October 31, 2018

Game Master: He points at you and says some words; and you feel a little sleepy, then nothing.
Eleven-Year-Old: I drank my coffee this morning.
Me: I thought elves didn’t drink coffee.
Eleven-Year-Old: Shut up! I’m trying to tell a good story.



October 30, 2018

Eleven-Year-Old: Orc parkour! Yeah!


October 29, 2018

Eleven-Year-Old: Falling asleep and burning to death is not usually life.


October 28, 2018

Brother: That would make such a bad contemporary mummy movie about that: The Mummies of Tara.


October 27, 2018

Me: Digging up Tara to search for the Ark of the Covenant, man. That’s some serious syncretism.


October 26, 2018

Six-Year-Old: I made up new future game.

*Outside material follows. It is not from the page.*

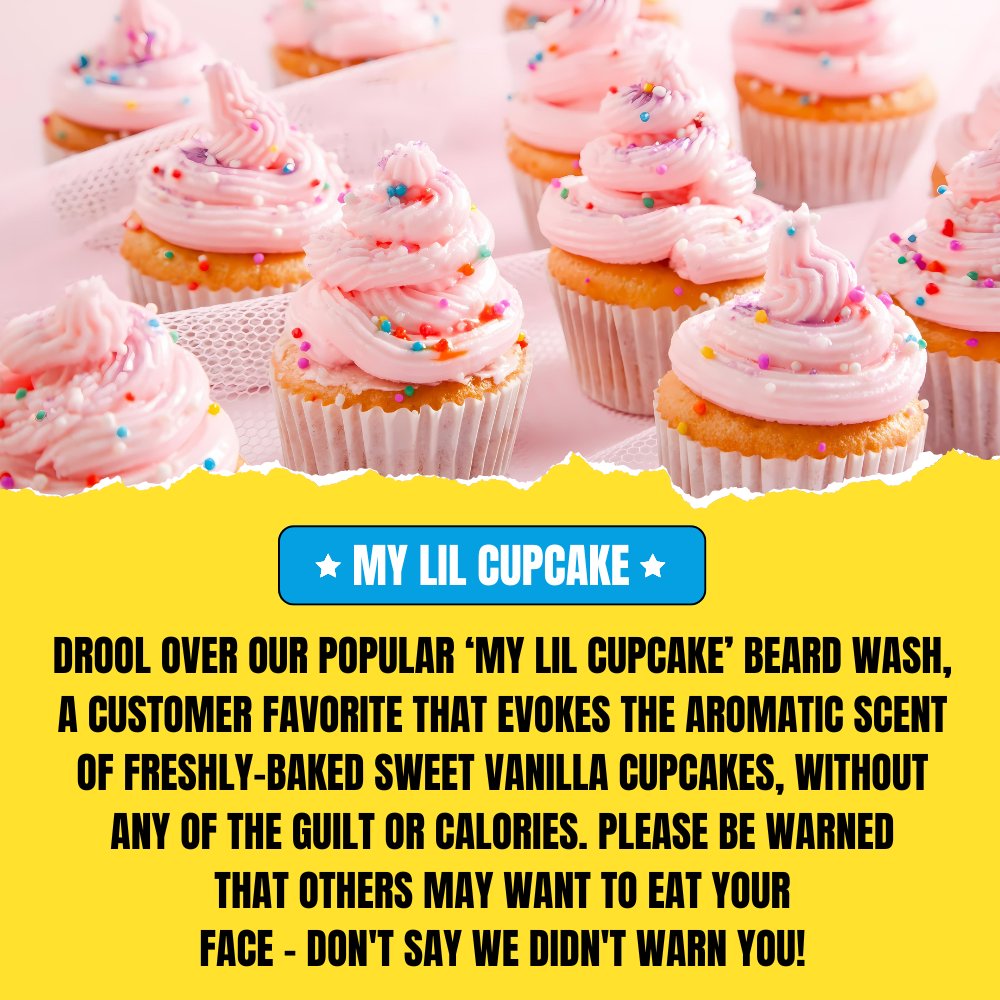 My Lil Cupcake Beard Wash (150ml) – Sweet Vanilla Cupcake Scent | Gentle Beard Shampoo & Cleanser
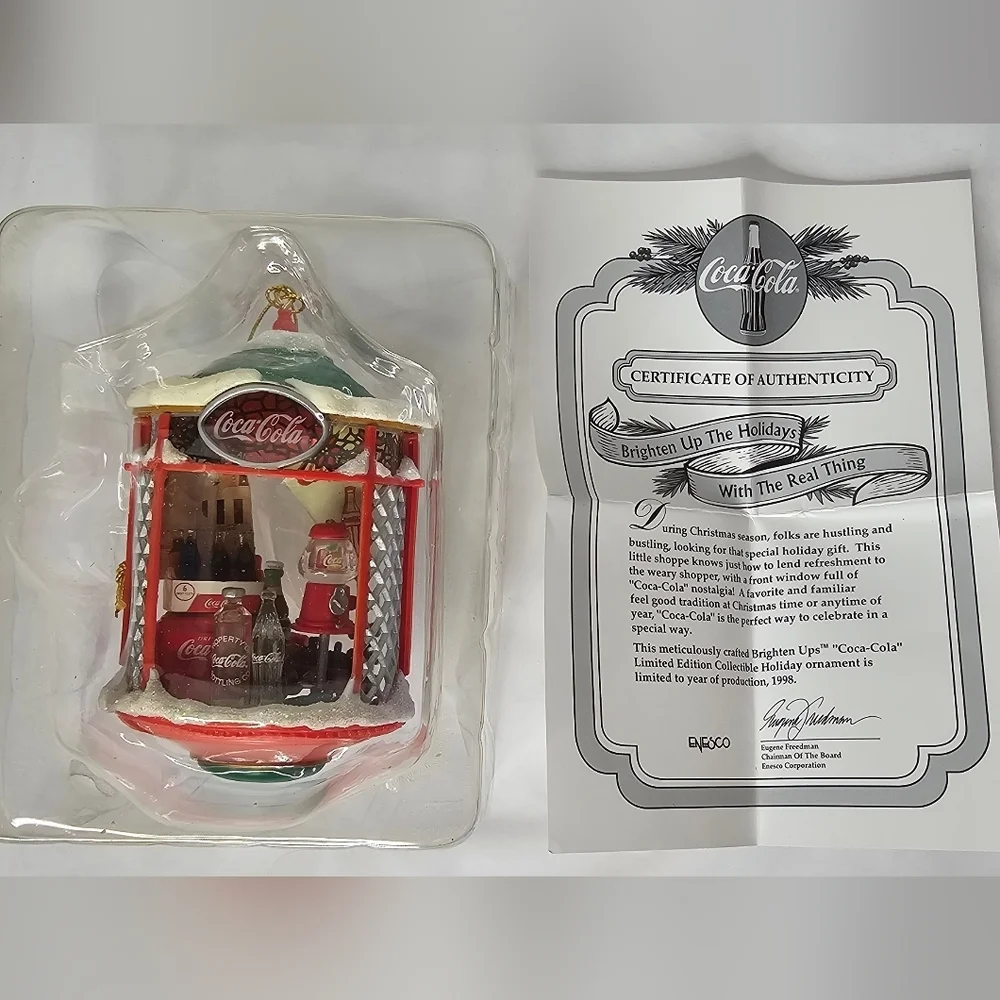 ​1998 Coca-Cola Enesco Christmas Ornament Brighten Up The Holidays COA NIB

It’s called, “Guess the organ.” You just have to guess the organ in the canopic jar.


October 25, 2018

Me: I found a box of moldy figs in my desk.


October 24, 2018

Six-Year-Old: There has never been a mechanical island in the history of the world.
Me: No, that’s right. There has never been a mechanical island.
Six-Year-Old: In the history of the world!


October 23, 2018

Me: I just got my dog’s ashes back from the crematory, and they came in a velvet bag that said, “Until we meet again at the rainbow bridge,” on it. What are they, Norse pantheon?


October 22, 2018

Friend: There is no organ trade in Palladium, unless you count alchemists’ shops.